/UVLTrack

The official pytorch implementation of our AAAI 2024 paper "Unifying Visual and Vision-Language Tracking via Contrastive Learning"

Primary LanguagePythonMIT LicenseMIT

UVLTrack

The official implementation of our AAAI 2024 paper Unifying Visual and Vision-Language Tracking via Contrastive Learning

Brief Introduction

Single object tracking aims to locate the target object in a video sequence according to the state specified by different modal references, including the initial bounding box (BBOX), natural language (NL), or both (NL+BBOX). Different previous modality-specific trackers, we present a unified tracker called UVLTrack, which can simultaneously handle all three reference settings (BBOX, NL, NL+BBOX) with the same parameters, allowing wider appliation scenarios. The proposed UVLTrack enjoys several merits. First, we design a modality-unified feature extractor for joint visual and language feature learning and propose a multi-modal contrastive loss to align the visual and language features into a unified semantic space. Second, a modality-adaptive box head is proposed, which makes full use of the target reference to mine ever-changing scenario features dynamically from video contexts and distinguish the target in a contrastive way, enabling robust performance in different reference settings.

Strong Performance

UVLTrack presents strong performance under different reference settings.
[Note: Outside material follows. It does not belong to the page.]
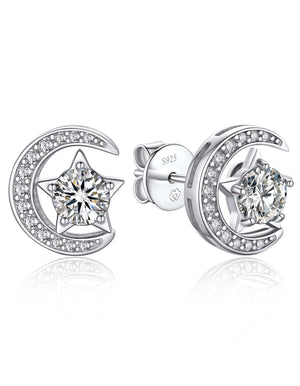 MomentWish Crescent Moon Star Stud Earrings With Moissanite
Reference Modality NL BBOX NL+BBOX
Methods TNL2K (AUC / P) TNL2K(AUC / P) TNL2K(AUC / P)
OSTrack-256 -/- 54.3/- -/-
OSTrack-384 -/- 55.9/- -/-
VLTTT -/- -/- 53.1/53.3
JointNLT 54.6/55.0 -/- 56.9/58.1
UVLTrack-B 55.7/57.2 62.7/65.4 63.1/66.7
UVLTrack-L 58.2/60.9 64.8/68.8 64.9/69.3

Raw results can be downloaded from Google Drive or Baidu Netdisk.

Checkpoints

You can download the model weights from Google Drive or Baidu Netdisk.
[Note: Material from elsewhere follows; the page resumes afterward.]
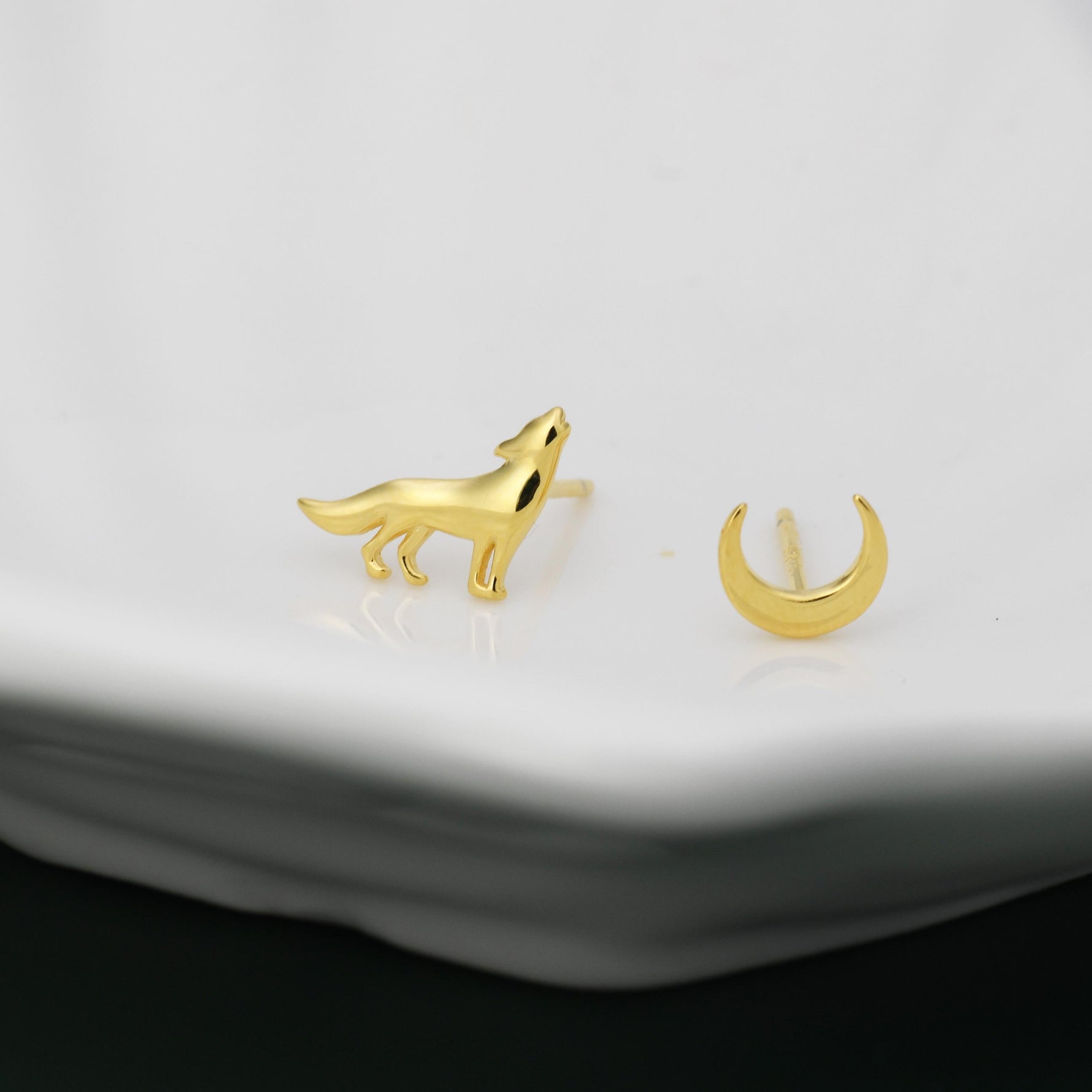 Mismatched Wolf and Moon Stud Earrings in Sterling Silver, Silver, Gold or Rose Gold, Asymmetric Wolf and Crescent Moon Earrings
Methods UVLTrack-B UVLTrack-L
Reference Modality TNL2K (AUC / P) TNL2K(AUC / P)
NL 55.0/56.8 58.2/60.9
BBOX 63.0/66.3 65.2/69.5
NL+BBOX 62.9/66.5 64.8/69.2

Install the environment

Use the Anaconda

conda env create -f uvltrack_env.yaml

or

conda create -n uvltrack python=3.6
conda activate uvltrack
bash install.sh

Data Preparation

Put the tracking datasets in ./data. It should look like:

${UVLTrack_ROOT}
 -- data
     -- lasot
         |-- airplane
         |-- basketball
         |-- bear
         ...
     -- lasotext
         |-- atv
         |-- badminton
         |-- cosplay
         ...
     -- got10k
         |-- test
         |-- train
         |-- val
     -- coco
         |-- annotations
         |-- train2017
     -- trackingnet
         |-- TRAIN_0
         |-- TRAIN_1
         ...
         |-- TRAIN_11
         |-- TEST
     -- otb99
         |-- OTB_query_test
         |-- OTB_query_train
         |-- OTB_videos
     -- refcocog
         |-- refcocog
         |-- split # download this folder from VLTVG (https://github.com/yangli18/VLTVG/blob/master/docs/get_started.md)
         |-- train2014 # coco 2014
         |-- val2014 # coco 2014
     -- tnl2k
         |-- test
         |-- train

Train UVLTrack

Download the pretrained MAE and BERT, put it under <PROJECT_ROOT>/pretrain.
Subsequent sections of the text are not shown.